C’est une jeunesse qui passe par la case Camp-Est. Le drame, c’est qu’avant d’y aller, elle est soumise à des règles judiciaires et bien souvent, il n’y a pas de structure pour accueillir les jeunes délinquants mineurs. Nous déplorons parfois qu’ils ne soient pas accompagnés pour sortir de la délinquance. C’est entre le premier acte délinquant et le Camp-Est à 18 ans que la question se pose vraiment. On a un peu une bombe à retardement. On a l’impression qu’il n’a pas fallu grand-chose pour pousser certains jeunes dans la rue.
Il y avait très peu de forces de l’ordre sur le territoire les premiers jours…
Cela a commencé par des troubles très violents à la tribu de Saint-Louis, qui nous ont engagés en masse parce que la route était bloquée. Pendant les cinq premiers jours, du 13 au 18 mai, cela a été très compliqué avant de pouvoir reprendre l’initiative, parce que nous étions en grosse difficulté.
Avez-vous dû faire des choix ? Il vous a été reproché de ne pas intervenir partout…
Oui. Nous avons fait le choix de sauver des vies. La priorité était d’abord de protéger les personnes. Face à 10 000 insurgés qui avaient décidé de pratiquer la politique de la terre brûlée, c’était compliqué de protéger les biens. C’était très dur de circuler, nous étions systématiquement pris à partie, il y avait les barrages piégés, il a fallu résister aux attaques de notre hub logistique à la caserne Bailly, qui visaient à nous isoler, et puis il a fallu sauver des gens dans des conditions inimaginables. On ne pouvait pas faire sans blindé. Un véhicule de gendarmerie attirait 200 à 300 personnes qui voulaient en découdre à tout prix. Une haine incroyable. Je n’ai jamais connu une telle violence.

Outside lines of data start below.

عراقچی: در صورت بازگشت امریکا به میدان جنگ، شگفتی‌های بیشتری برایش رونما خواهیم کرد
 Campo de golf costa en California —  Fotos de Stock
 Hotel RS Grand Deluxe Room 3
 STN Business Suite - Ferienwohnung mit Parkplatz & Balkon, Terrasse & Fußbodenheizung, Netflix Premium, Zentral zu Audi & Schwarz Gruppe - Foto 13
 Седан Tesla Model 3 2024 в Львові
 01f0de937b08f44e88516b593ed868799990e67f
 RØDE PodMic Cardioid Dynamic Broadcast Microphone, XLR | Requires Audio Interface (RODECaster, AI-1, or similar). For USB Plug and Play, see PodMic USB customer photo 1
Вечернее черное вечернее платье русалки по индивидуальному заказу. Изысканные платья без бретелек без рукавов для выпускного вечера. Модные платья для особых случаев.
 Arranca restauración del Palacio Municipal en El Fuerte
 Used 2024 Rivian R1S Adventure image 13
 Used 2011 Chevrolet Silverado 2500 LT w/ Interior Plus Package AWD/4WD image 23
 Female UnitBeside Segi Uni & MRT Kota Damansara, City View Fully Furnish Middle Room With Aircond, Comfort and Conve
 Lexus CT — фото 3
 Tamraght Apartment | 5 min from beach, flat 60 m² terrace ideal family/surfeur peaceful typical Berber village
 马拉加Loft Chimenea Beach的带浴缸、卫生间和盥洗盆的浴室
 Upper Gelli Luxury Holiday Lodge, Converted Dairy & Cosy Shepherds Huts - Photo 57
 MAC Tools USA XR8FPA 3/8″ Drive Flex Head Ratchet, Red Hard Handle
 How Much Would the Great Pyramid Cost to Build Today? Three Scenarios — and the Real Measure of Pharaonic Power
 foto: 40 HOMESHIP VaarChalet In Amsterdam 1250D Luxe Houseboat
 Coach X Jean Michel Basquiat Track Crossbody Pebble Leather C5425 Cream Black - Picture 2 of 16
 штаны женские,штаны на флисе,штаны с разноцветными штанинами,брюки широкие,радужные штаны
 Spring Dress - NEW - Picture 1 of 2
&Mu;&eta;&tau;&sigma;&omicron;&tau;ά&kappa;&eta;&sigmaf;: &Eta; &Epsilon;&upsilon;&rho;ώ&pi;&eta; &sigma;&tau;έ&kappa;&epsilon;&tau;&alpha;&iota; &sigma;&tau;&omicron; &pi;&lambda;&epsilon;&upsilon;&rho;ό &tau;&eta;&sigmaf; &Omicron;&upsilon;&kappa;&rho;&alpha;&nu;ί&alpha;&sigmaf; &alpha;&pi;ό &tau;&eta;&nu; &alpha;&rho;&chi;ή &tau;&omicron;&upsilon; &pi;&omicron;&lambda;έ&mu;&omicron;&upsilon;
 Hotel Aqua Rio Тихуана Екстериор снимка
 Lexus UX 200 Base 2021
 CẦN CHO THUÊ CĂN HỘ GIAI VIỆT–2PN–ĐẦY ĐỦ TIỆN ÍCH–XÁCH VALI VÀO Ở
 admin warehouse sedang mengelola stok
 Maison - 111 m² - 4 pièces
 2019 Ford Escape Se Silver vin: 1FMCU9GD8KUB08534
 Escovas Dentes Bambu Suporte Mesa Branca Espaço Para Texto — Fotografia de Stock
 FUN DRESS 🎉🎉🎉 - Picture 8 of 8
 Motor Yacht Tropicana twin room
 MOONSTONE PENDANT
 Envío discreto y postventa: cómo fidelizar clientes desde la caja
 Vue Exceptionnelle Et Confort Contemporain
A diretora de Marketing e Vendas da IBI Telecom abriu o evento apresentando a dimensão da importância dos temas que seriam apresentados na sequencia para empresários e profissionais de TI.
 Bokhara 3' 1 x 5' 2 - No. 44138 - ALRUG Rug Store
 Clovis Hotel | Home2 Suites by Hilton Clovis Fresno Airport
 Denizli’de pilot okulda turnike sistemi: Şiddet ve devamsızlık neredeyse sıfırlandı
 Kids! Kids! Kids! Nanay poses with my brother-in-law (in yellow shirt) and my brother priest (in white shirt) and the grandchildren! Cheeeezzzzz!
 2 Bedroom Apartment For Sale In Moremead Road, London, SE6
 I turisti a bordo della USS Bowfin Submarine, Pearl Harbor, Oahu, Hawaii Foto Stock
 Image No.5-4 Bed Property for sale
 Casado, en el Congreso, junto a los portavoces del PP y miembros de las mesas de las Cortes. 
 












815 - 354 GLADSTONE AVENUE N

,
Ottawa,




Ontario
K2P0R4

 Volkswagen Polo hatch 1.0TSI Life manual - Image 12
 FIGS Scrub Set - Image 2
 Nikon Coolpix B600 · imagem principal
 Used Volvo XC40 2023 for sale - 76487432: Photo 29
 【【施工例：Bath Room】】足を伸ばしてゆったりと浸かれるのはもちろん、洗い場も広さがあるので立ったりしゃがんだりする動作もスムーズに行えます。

Des gendarmes ont été choqués ?
Il y a eu de la casse physique, plus de 550 blessés, surtout par des cailloux. Cela va du bobo au choc violent. Un gendarme a perdu un œil le 2e jour. Une bonne vingtaine se sont fait percuter par des voitures. Ils ont été secoués physiquement. Moralement, ça va. On pratique la cohésion des forces armées. Il y a l’esprit d’équipe, de famille, la solidarité. On s’en sort sans trop de casse, même si cela a été dur. En particulier pour les gendarmes territoriaux implantés dans les communes. Les relations se sont tendues. Cela a été difficile de voir qu’une partie de la population s’est retournée contre les gendarmes, alors que la gendarmerie vit avec les populations.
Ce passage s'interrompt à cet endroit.